For instance, the derivative of the hyperbolic tangent is (in terms of the output, which is how it is usually written) :
def dsigmoid(y) :
return 1.0 - y**2
Beyond those two requriements, what makes one function between than another is how efficiently it trains the network--i.e., which one causes convergence (reaching the local minimum error) in the fewest epochs?
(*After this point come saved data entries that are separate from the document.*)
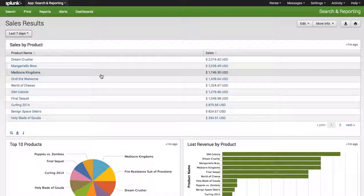Now voila! We built a great looking and very informative dashboard in less than 10 minutes. Hope you enjoyed this video.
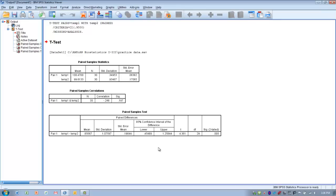If that 95% confidence interval of the difference was very small, maybe it was 0.45 to 0.7, then that might indicate that there really isn't that much difference or wouldn't be that much difference in any other sample. So that could then kind of limit the clinical importance of this result.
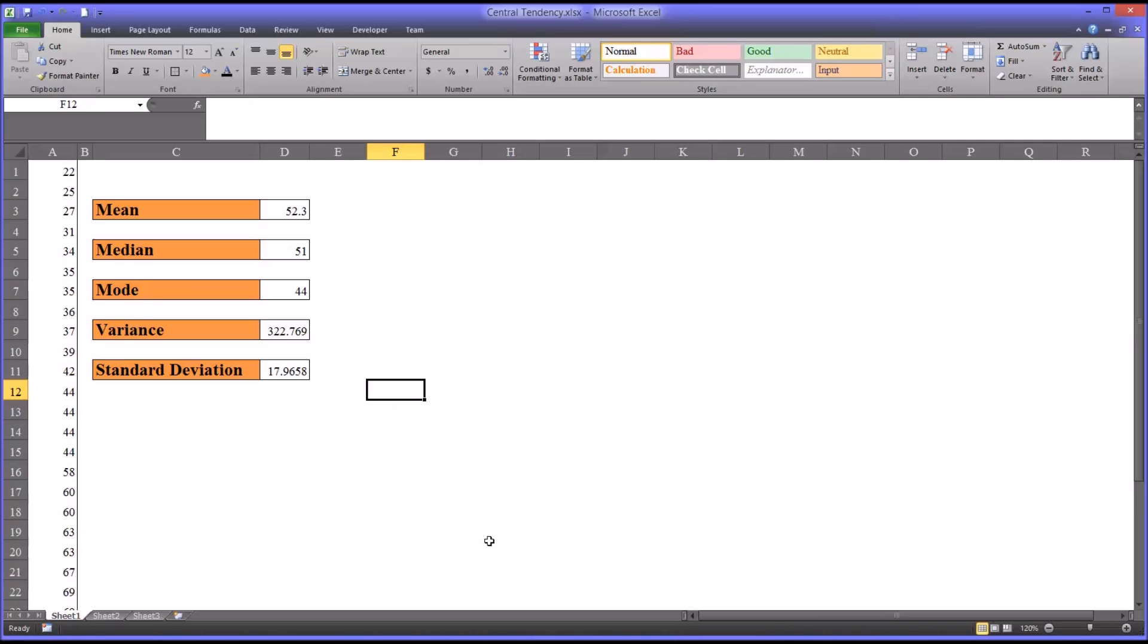I hope this video was helpful in terms of learning about Central Tendency. As always, if you have any questions or concerns, feel free to contact me and I'll be happy to assist you.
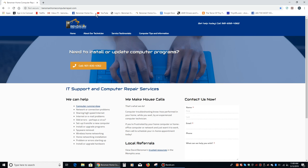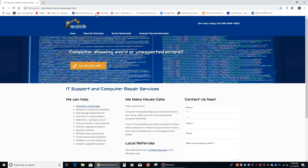Hey there, everybody. This is Dave Benzman with Benzman Home Computer Repair, and today I'd like to walk you through scanning something with a Brother all-in-one printer.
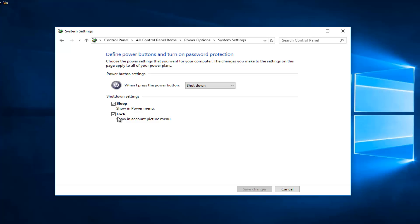It might say 'Turn on fast startup' and then in parentheses 'recommended'. This helps start your PC faster after shutdown. Restart isn't affected. Again, it would be right above sleep here and underneath shutdown settings.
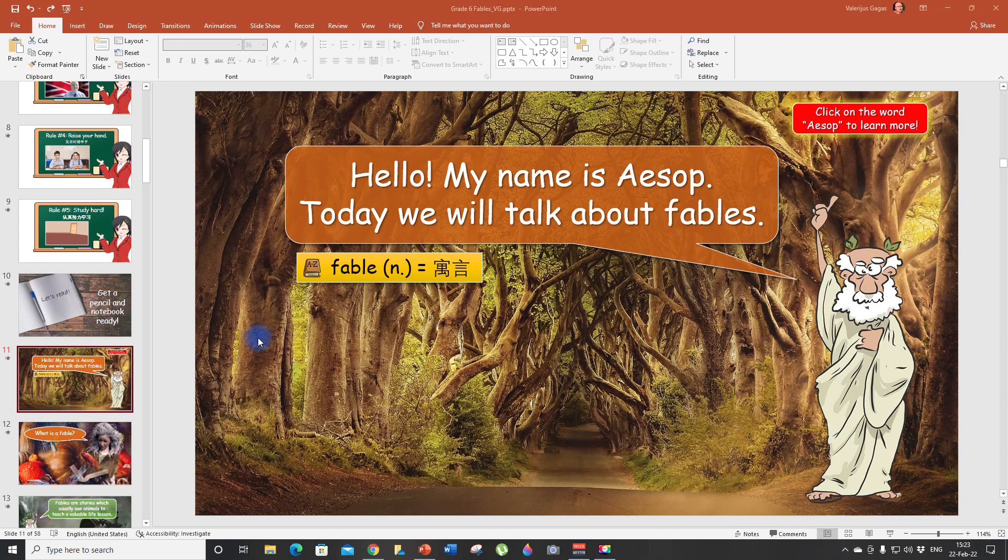Hello everyone, my name is Val and welcome back to my channel. In today's tutorial I would like to show you how you can use hyperlinks in Microsoft PowerPoint. First of all, what are hyperlinks?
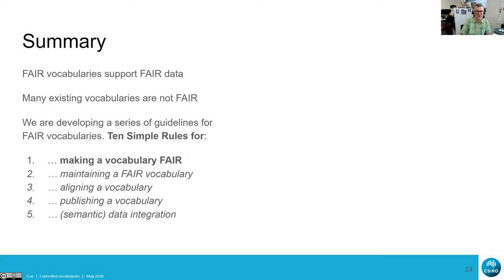In summary, we're working on ten rules for vocabularies. We've done one on making the vocabulary FAIR, and the next one we're planning is on maintaining a FAIR vocabulary, which is part of the governance story. I've given you a few precedents for how some well-known controlled vocabularies are governed at present. Thank you.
#-------- Edit (see OP's comment below) ---------#
I am not quite sure i understood--sometimes it's difficult to communicate details of a NN, without the code, so i should probably just say that it's fine subject to this proviso: What you want the NN to predict must be the same as the dependent variable used during training. So for instance, if you train your NN using two states (e.g., 0, 1) as the single dependent variable (which is obviously missing from your testing/production data) then that's what your NN will return when run in "prediction mode" (post training, or with a competent weight matrix).
You should choose the right loss function to minimize.
The squared error does not lead to the maximum likelihood hypothesis here.
The squared error is derived from a model with Gaussian noise:
P(y|x,h) = k1 * e**-(k2 * (y - h(x))**2)
You estimate the probabilities directly. Your model is:
P(Y=1|x,h) = h(x)
P(Y=0|x,h) = 1 - h(x)
P(Y=1|x,h) is the probability that event Y=1 will happen after seeing x.
The maximum likelihood hypothesis for your model is:
h_max_likelihood = argmax_h product(
h(x)**y * (1-h(x))**(1-y) for x, y in examples)
This leads to the "cross entropy" loss function.
See chapter 6 in Mitchell's Machine Learning
for the loss function and its derivation.
There is one problem with this approach: if you have vectors from R^n and your network maps those vectors into the interval [0, 1], it will not be guaranteed that the network represents a valid probability density function, since the integral of the network is not guaranteed to equal 1.
E.g., a neural network could map any input form R^n to 1.0. But that is clearly not possible.
So the answer to your question is: no, you can't.
However, you can just say that your network never sees "unrealistic" code samples and thus ignore this fact. For a discussion of this (and also some more cool information on how to model PDFs with neural networks) see contrastive backprop.